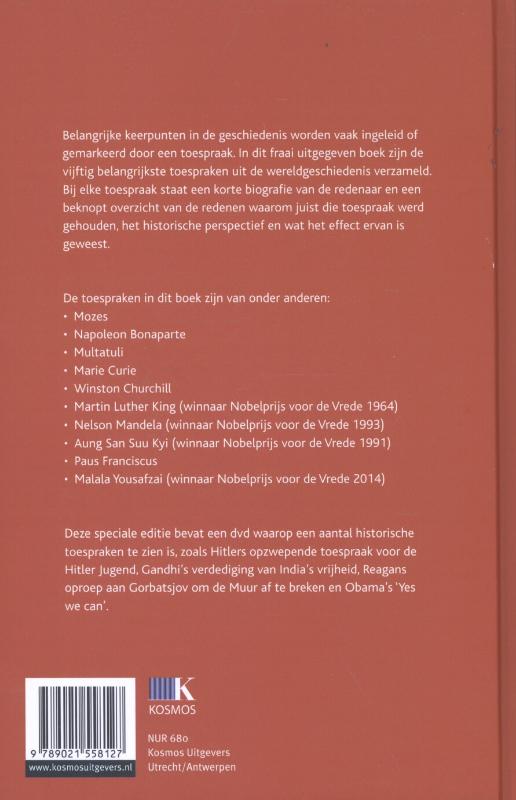 Achterkant van Toespraken die de wereld veranderden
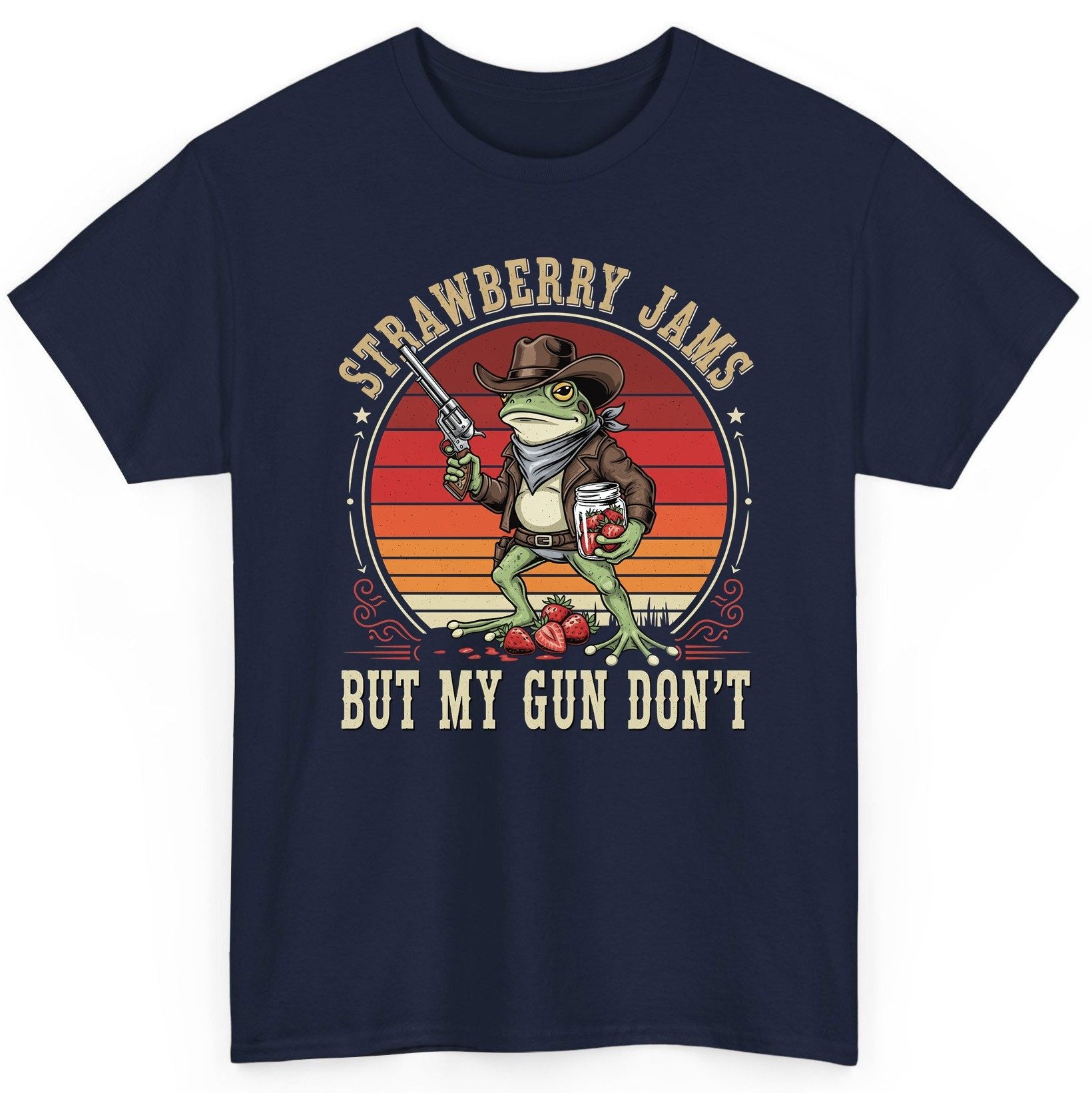 Strawberry Jams but My Gun Don't cowboy frog T-Shirt Navy product mockup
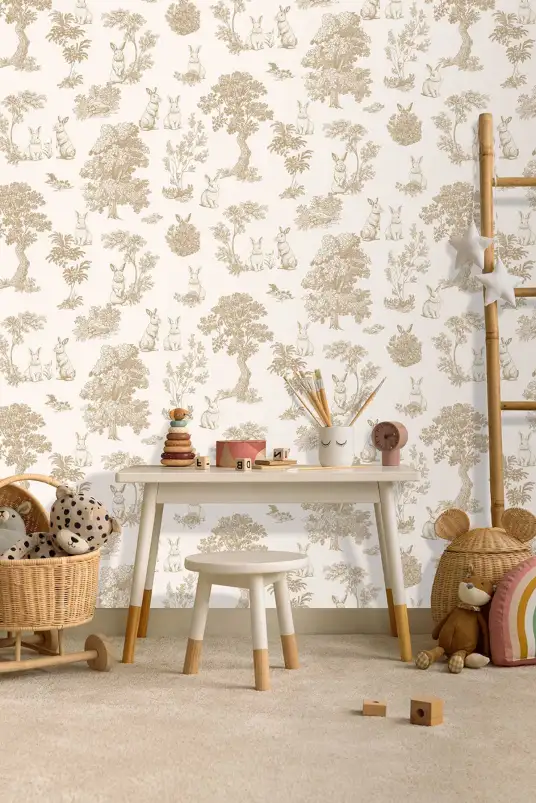 Papier peint lapin toile de Jouy doré blanc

===

→ WHAT TO WORK ON
Give back the entire listing verbatim, without the pictures.

→ RESULT
 Achterkant van Toespraken die de wereld veranderden
 Strawberry Jams but My Gun Don't cowboy frog T-Shirt Navy product mockup
 Papier peint lapin toile de Jouy doré blanc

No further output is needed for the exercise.